There has been a lot of conversation over the last week about blogging and bloggers in general. Much of it culminated in a very good post by Robert Scoble which was excellently covered by Mashable’s own Paul Glazowski yesterday but that is really not what I want to talk about in this post. The main thing I want to talk about is what is a blogger’s job? Sure for most it is the reporting of the news, events or similar things but even though that might seem to be the primary reason reason it isn’t.
My job is to make you think.
How I do that can be covered in so many ways even with the traditional news type blogging but regardless of the how’s the end goal should be to get our readers to think about what has been written because then a really cool thing can happen. The reader wants to add their thoughts to yours and all of a sudden you have a live organic thought process happening that grows beyond the original piece. Does this always happen? No, and that is the ultimate shame and waste of this medium we have created because the reader has decided for whatever reason to abnegate their responsibility.
Where my job might be to make the reader think it is the reader’s equal responsibility to engage with the news I might be reporting or the idea that I might be trying to get across and add value to it. That value can be anything from pointing out where I could be wrong and why through to add their own spin what has been posted or even previously commented. It is this communication that turns what is basically talking into a vacuum into a living document that we can all learn from.

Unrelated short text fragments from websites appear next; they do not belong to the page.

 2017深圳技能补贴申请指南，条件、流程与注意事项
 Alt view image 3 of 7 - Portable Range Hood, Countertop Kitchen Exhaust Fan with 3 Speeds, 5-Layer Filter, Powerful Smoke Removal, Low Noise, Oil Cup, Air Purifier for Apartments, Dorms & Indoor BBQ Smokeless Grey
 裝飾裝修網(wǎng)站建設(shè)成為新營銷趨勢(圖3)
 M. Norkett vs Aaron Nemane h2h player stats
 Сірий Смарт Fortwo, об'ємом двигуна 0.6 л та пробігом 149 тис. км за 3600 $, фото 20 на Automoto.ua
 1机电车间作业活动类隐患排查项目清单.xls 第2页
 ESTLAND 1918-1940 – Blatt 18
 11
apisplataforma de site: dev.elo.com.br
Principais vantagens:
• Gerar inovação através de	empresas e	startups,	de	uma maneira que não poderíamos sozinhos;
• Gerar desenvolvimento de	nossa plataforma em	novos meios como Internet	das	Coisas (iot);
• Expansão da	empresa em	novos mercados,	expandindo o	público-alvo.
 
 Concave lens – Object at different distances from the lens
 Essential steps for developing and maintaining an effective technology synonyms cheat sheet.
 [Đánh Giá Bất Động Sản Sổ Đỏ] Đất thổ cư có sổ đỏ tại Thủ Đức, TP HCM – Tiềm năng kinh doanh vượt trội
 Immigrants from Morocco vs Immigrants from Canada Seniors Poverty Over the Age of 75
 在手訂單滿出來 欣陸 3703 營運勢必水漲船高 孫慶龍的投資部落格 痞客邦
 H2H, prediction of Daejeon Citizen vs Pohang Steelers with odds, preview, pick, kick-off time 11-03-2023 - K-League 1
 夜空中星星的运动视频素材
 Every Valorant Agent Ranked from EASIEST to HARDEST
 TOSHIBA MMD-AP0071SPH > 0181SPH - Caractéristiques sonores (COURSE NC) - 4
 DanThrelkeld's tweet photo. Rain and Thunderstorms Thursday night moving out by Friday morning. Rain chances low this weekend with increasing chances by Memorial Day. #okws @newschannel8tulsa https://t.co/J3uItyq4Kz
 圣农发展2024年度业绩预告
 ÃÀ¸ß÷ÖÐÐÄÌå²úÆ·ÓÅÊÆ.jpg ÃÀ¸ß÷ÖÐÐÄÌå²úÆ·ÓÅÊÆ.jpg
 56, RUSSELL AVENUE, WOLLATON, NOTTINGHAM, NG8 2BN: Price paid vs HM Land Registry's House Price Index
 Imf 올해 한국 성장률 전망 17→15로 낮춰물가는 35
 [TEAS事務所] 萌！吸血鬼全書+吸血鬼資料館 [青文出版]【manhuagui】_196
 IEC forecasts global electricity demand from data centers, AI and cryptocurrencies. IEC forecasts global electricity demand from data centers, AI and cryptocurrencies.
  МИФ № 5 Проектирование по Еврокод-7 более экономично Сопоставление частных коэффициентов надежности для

I have been really lucky on both Mashable and my own blog here to have written some posts that have really engaged the readers - both good and bad. In either case though I have learned something and I would like to believe that those posts have contributed more than possibly better written posts that had no conversation build around them. As Robert said in his post
This is a participatory media, not a one-way one, and, while it has a different editing system (the editing is done post publishing, not pre publishing) it’s pretty clear to me that this system arrives at the truth a lot faster than anything on paper does.
But, you gotta read and participate in those comments! Lots of old-schoolers don’t like that dirty work.
Equally so readers need to participate because when they do bloggers get better at their jobs. Without our readers involving themselves in the conversation and keeping us on our toes - keeping us engaged in trying harder to make you think. In this process we all have a chance to learn and grow and isn’t that the whole idea behind this social media experiment we are all involved in?